* Given data *
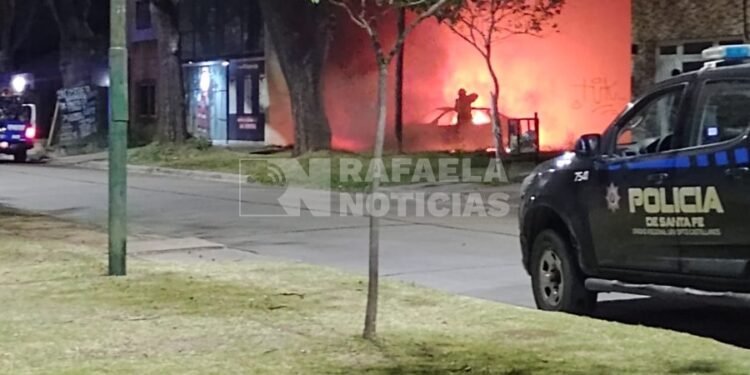 Un auto ardió en llamas en un baldío de calle Podio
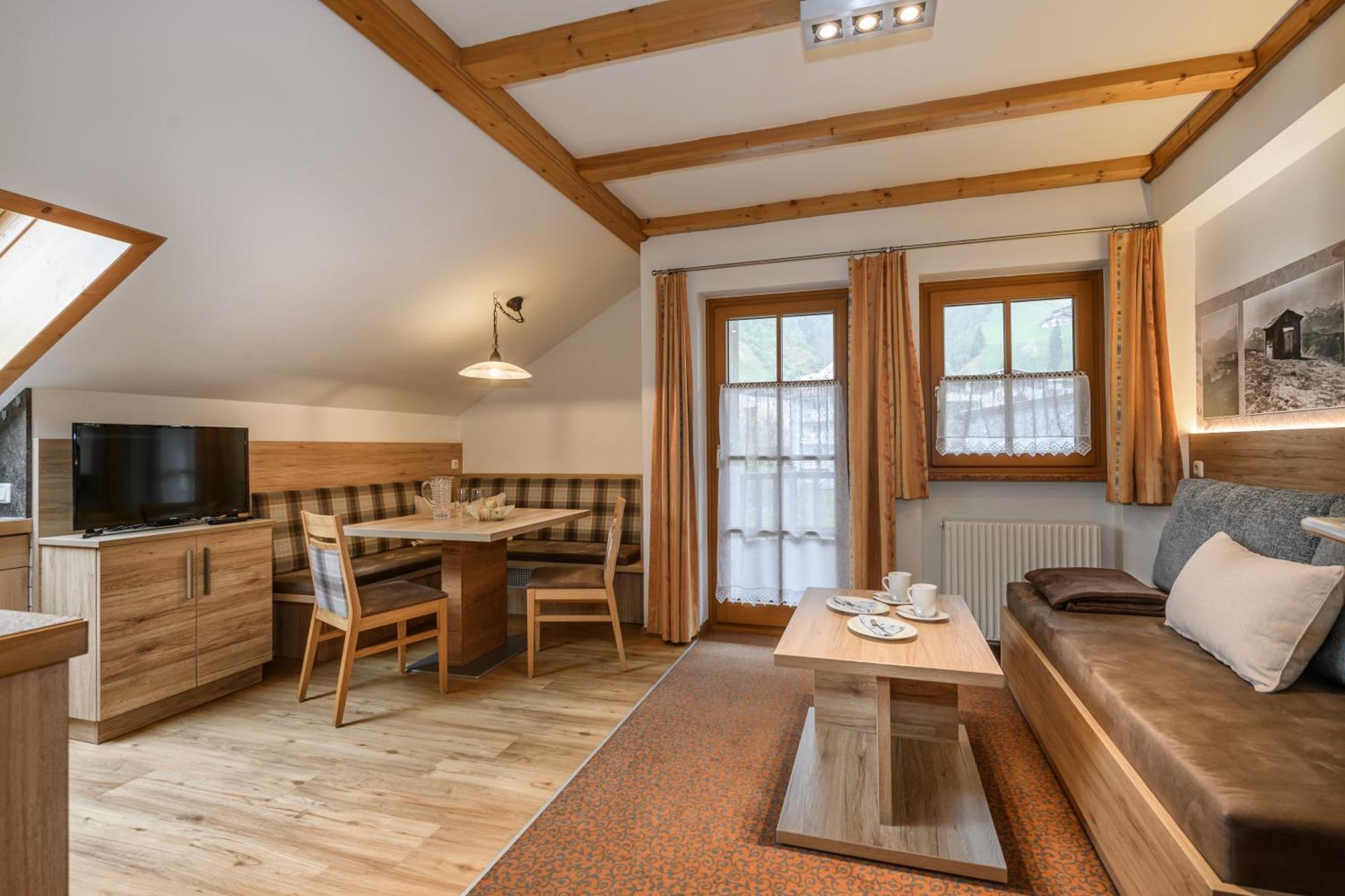 Ferienhaus Birgit - Inklusive Eintritt Alpentherme Bad Hofgastein Ngoại thất bức ảnh
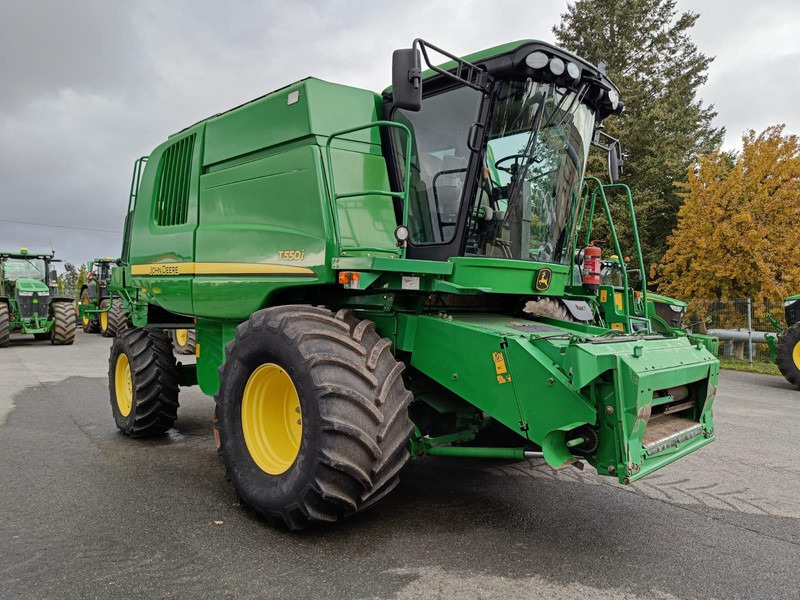 John Deere T550 - حصادة شاملة: صور 1 John Deere T550 - حصادة شاملة: صور 1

* Task statement *
Where the material above includes pictures, omit them and retype everything else exactly.

* Final answer *
 Un auto ardió en llamas en un baldío de calle Podio
 Ferienhaus Birgit - Inklusive Eintritt Alpentherme Bad Hofgastein Ngoại thất bức ảnh
 John Deere T550 - حصادة شاملة: صور 1 John Deere T550 - حصادة شاملة: صور 1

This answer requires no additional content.